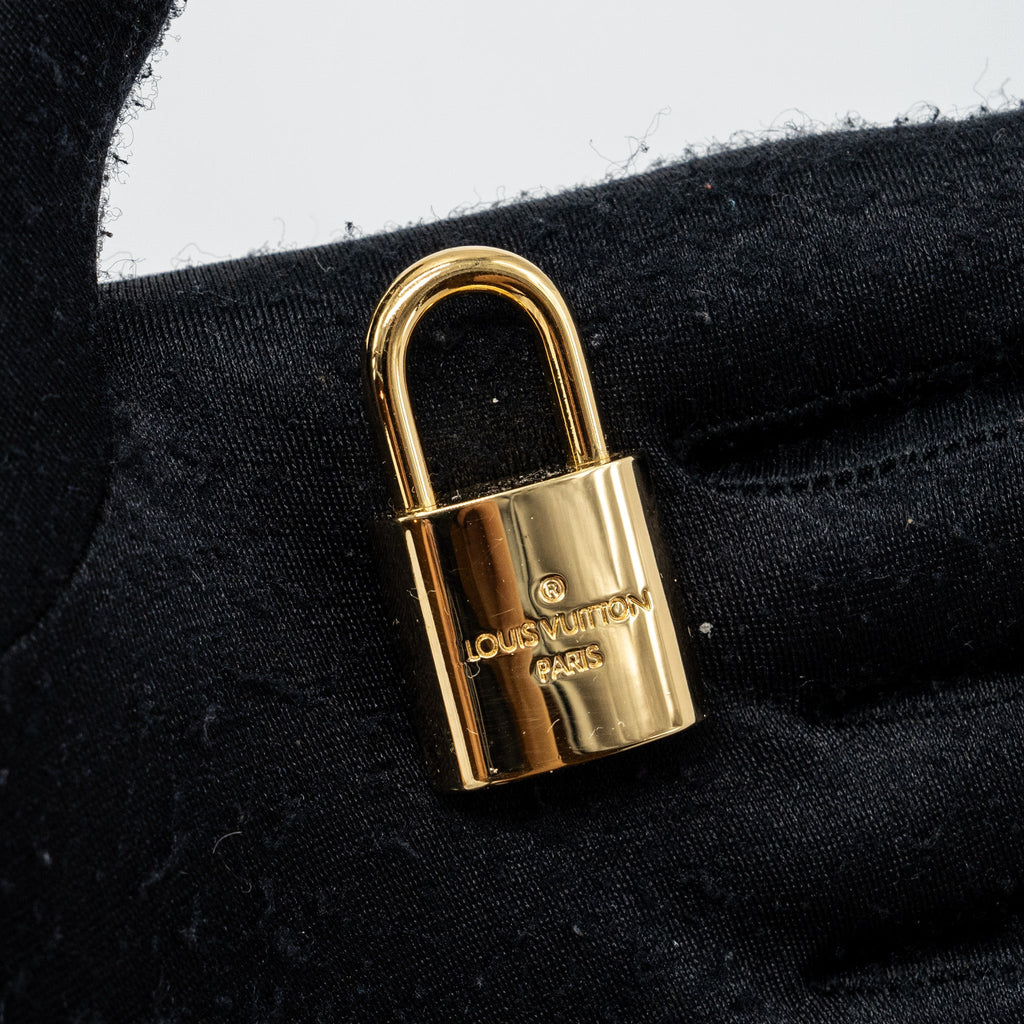 LOUIS VUITTON NEO ALMA BB MONOGRAM EMPREINTE BLACK GHW (NEW VERSION)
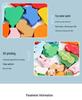 3D Animal & Fruit Theme Puzzle Blocks for Early Education - Creative Jigsaw for Kindergarten & Baby Learning
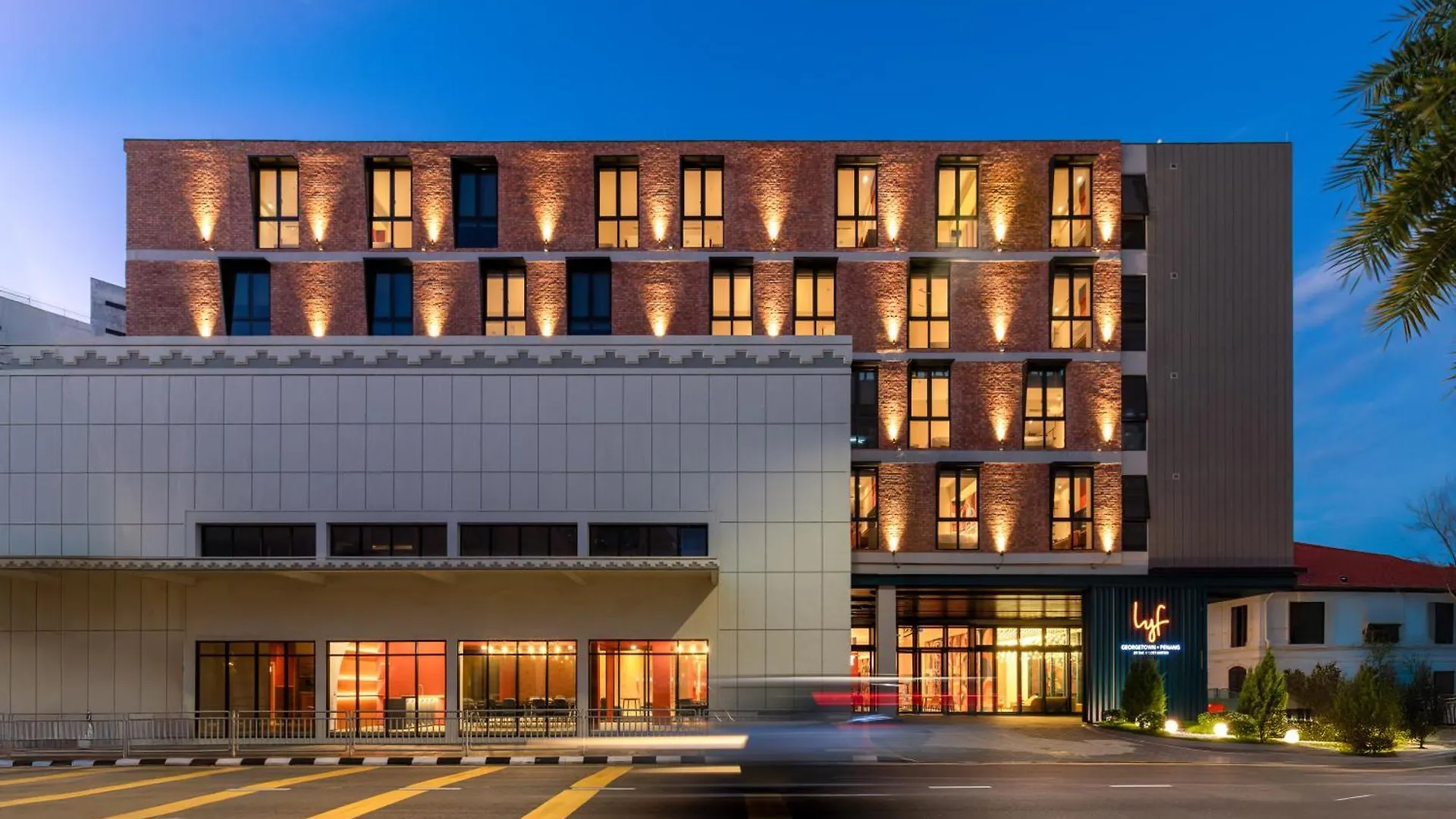 ****  Hotel Lyf Georgetown Penang Malezja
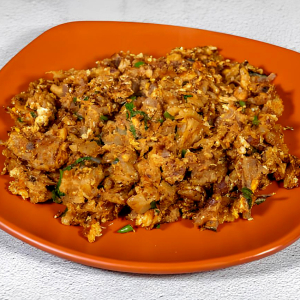 Chicken Kothu Parotta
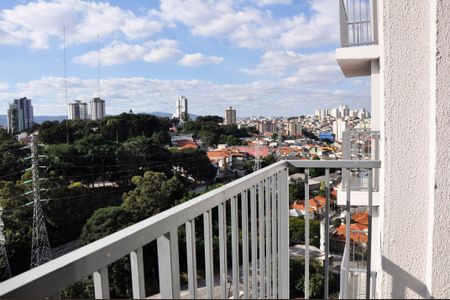 Apartamento à venda com 41m², 2 quartos e sem vaga Apartamento à venda com 41m², 2 quartos e sem vagaDetalhe - Varanda da Sala e Sala de Jantar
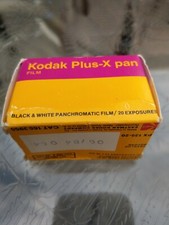 Kodak Plus-X Pan 35mm Film B W Prints ISO 125 ASA PX 135-20 Exp 6/84 SixForSale
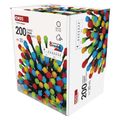 LED vianočná cherry reťaz – guličky, 20 m, vonk. aj vnútor., multicolor, programy, časovač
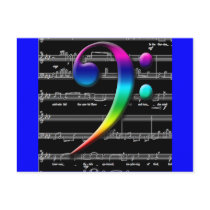 Music Cards and Stickers postcards by spenayoung Music Cards and Stickers postcards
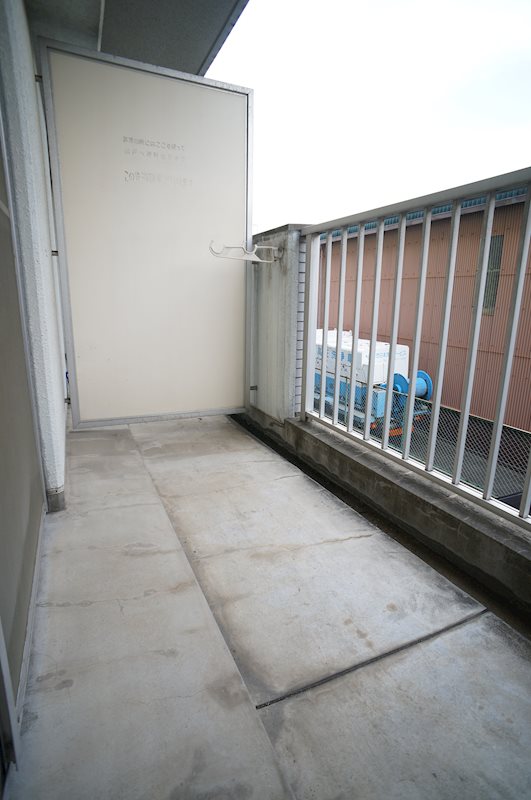 バルコニー　同型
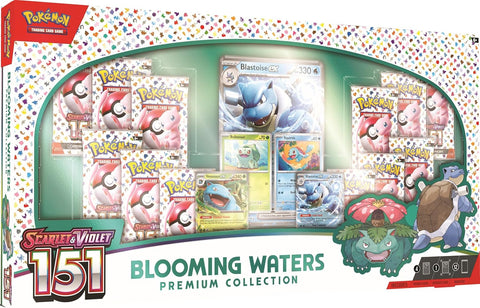 Blooming Waters 151 Premium Collection
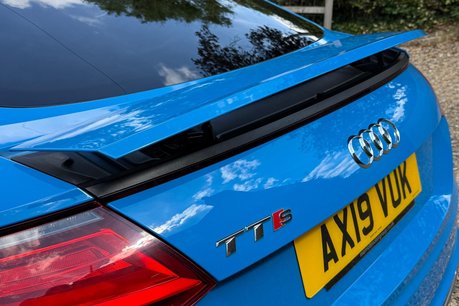 Audi TT TTS TFSI QUATTRO 47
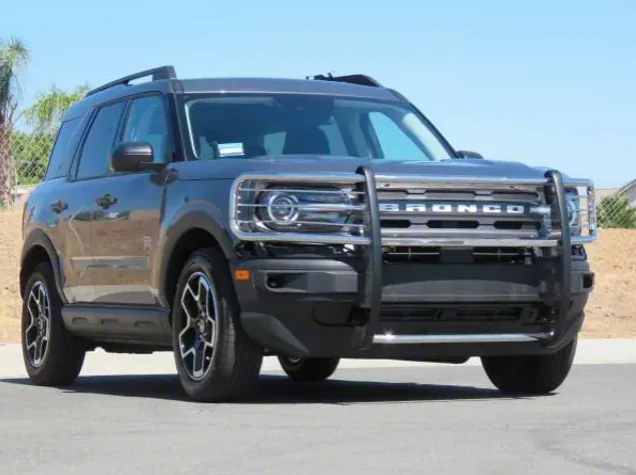 Ford Bronco Sport Front bumper bull guard / nudge bar? 1771516513583-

= = = =

An acceptable answer consists of the lines above from the one holding "Audi TT TTS TFSI QUATTRO 47" to the end of the data, repeated exactly and containing no pictures.

 Audi TT TTS TFSI QUATTRO 47
 Ford Bronco Sport Front bumper bull guard / nudge bar? 1771516513583-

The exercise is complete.